Le docteur Romano et les hélicoptères

Une narration de malades.

Et voilà que maintenant, on commence à me parler de la variole du singe. Avant ça, c’était l’Ukraine, qui avait la dure tâche de succéder au Covid. L’imagination des médias pour raconter des histoires éloignées du quotidien des gens est sans limite. Et dire que cet après-midi, je suis sorti acheter des tomates !

Le stade de la question de la confiance dans les médias est dépassé depuis longtemps. Celle qui se pose maintenant, c’est celle de leur compétence. Mais qu’est-ce qu’ils racontent ? Ce ne sont plus des nouvelles quotidiennes, c’est une scénarisation planifiée du pire chaque jour qui se déploie. Ils seraient bien meilleurs pour une série ou un film que pour transmettre des informations.

Le rapport avec le docteur Romano du titre ? Évident !

D’abord, un petit rappel. Le docteur Romano, c’était ce médecin cynique, sorte de House avant l’heure, mais unidimensionnel et juste méchant, qui pourrissait la vie de ses collègues à l’hôpital de Cook County dans la série « Urgences », série qui connut un grand succès et dura de 1994 à 2009 à la télévision. Sur les 331 épisodes de la série, le docteur Romano apparaît dans 107. Interprété par Paul McCrane, qui jouait déjà un voyou dans le « Robocop » d’origine, voyou achevant son périple trempé d’acide et fondant littéralement sur le pavé, le docteur Romano a connu d’énormes mésaventures avec les hélicoptères.

Dans le premier épisode de la saison neuf, les docteurs Romano, Kovac et Lewis évacuent l'hôpital en raison d'une épidémie de variole du singe.
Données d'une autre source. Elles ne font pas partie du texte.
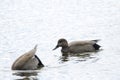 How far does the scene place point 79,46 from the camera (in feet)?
76.6

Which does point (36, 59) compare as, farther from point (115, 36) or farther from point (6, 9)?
point (6, 9)

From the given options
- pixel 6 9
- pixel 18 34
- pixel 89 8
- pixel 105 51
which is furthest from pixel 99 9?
pixel 105 51

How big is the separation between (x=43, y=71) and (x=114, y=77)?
2641 millimetres

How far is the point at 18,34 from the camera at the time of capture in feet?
85.3

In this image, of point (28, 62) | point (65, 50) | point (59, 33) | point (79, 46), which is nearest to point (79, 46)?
point (79, 46)

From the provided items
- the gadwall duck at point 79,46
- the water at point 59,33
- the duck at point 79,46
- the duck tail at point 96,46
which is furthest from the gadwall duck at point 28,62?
the duck tail at point 96,46

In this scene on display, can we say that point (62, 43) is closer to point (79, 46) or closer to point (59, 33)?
point (79, 46)

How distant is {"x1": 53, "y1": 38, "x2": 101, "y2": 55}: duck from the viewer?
76.2 ft

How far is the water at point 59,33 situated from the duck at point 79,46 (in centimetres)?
29

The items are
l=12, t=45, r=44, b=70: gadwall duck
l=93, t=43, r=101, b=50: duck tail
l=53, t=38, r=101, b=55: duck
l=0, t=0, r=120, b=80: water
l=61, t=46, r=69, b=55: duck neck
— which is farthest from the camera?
l=61, t=46, r=69, b=55: duck neck

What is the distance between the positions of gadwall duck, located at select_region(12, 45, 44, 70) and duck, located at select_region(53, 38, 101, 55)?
303 centimetres

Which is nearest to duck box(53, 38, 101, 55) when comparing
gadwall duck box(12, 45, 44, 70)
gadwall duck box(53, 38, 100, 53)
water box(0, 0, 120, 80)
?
gadwall duck box(53, 38, 100, 53)

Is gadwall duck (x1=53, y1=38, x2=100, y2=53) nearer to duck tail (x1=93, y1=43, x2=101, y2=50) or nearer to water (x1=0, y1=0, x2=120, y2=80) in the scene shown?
duck tail (x1=93, y1=43, x2=101, y2=50)

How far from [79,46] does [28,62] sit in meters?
3.79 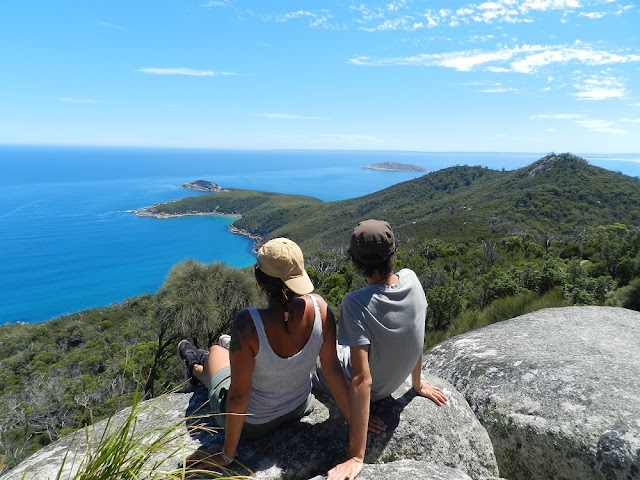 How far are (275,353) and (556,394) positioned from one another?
2.43 meters

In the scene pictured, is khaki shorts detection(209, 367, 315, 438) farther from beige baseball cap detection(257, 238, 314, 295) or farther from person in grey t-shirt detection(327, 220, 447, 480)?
beige baseball cap detection(257, 238, 314, 295)

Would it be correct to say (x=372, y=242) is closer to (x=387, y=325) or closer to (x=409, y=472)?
(x=387, y=325)

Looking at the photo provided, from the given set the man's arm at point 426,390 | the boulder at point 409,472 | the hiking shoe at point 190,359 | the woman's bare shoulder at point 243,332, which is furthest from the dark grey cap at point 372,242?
the hiking shoe at point 190,359

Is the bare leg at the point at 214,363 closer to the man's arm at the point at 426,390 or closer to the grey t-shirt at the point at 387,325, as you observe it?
the grey t-shirt at the point at 387,325

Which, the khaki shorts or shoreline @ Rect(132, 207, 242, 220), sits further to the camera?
shoreline @ Rect(132, 207, 242, 220)

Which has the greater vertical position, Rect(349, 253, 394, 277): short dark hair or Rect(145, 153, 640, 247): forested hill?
Rect(349, 253, 394, 277): short dark hair

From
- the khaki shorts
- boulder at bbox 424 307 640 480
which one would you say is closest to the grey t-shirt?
the khaki shorts

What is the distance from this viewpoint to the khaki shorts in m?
2.68

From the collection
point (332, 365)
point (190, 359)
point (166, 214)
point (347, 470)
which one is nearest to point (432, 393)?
point (332, 365)

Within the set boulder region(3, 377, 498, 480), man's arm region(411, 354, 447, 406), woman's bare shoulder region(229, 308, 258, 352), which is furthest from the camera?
man's arm region(411, 354, 447, 406)

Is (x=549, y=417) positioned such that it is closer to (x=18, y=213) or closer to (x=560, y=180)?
(x=560, y=180)

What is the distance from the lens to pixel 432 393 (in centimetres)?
313

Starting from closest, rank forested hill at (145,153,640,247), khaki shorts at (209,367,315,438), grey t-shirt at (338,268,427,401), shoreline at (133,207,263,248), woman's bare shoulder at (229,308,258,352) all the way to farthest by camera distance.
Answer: woman's bare shoulder at (229,308,258,352) → grey t-shirt at (338,268,427,401) → khaki shorts at (209,367,315,438) → forested hill at (145,153,640,247) → shoreline at (133,207,263,248)

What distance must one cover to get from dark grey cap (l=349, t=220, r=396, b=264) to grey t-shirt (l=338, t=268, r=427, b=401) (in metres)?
0.22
Alors qu'ils sont sur le toit pour charger un patient sur un hélicoptère en attente, le vent fait tomber la carte du brancard ; lorsque Romano se déplace pour la récupérer, le rotor de l'hélicoptère lui coupe le bras. Dans le huitième épisode de la saison dix, alors que c’est, encore et toujours, l’agitation à l’hôpital, un hélicoptère fait une mauvaise manœuvre sur le toit et va s’écraser directement au sol… sur le docteur Romano, qui trouve ainsi la mort dans cet horrible quoique grotesque accident. Moralité de tout ça, les hélicoptères sont plus dangereux que la variole du singe.

Entre ces deux épisodes, il est peu de dire que le docteur Romano n’a rien appris malgré la perte de son bras. Il a continué à semer la discorde, et à licencier les infirmières les plus anciennes du service des urgences.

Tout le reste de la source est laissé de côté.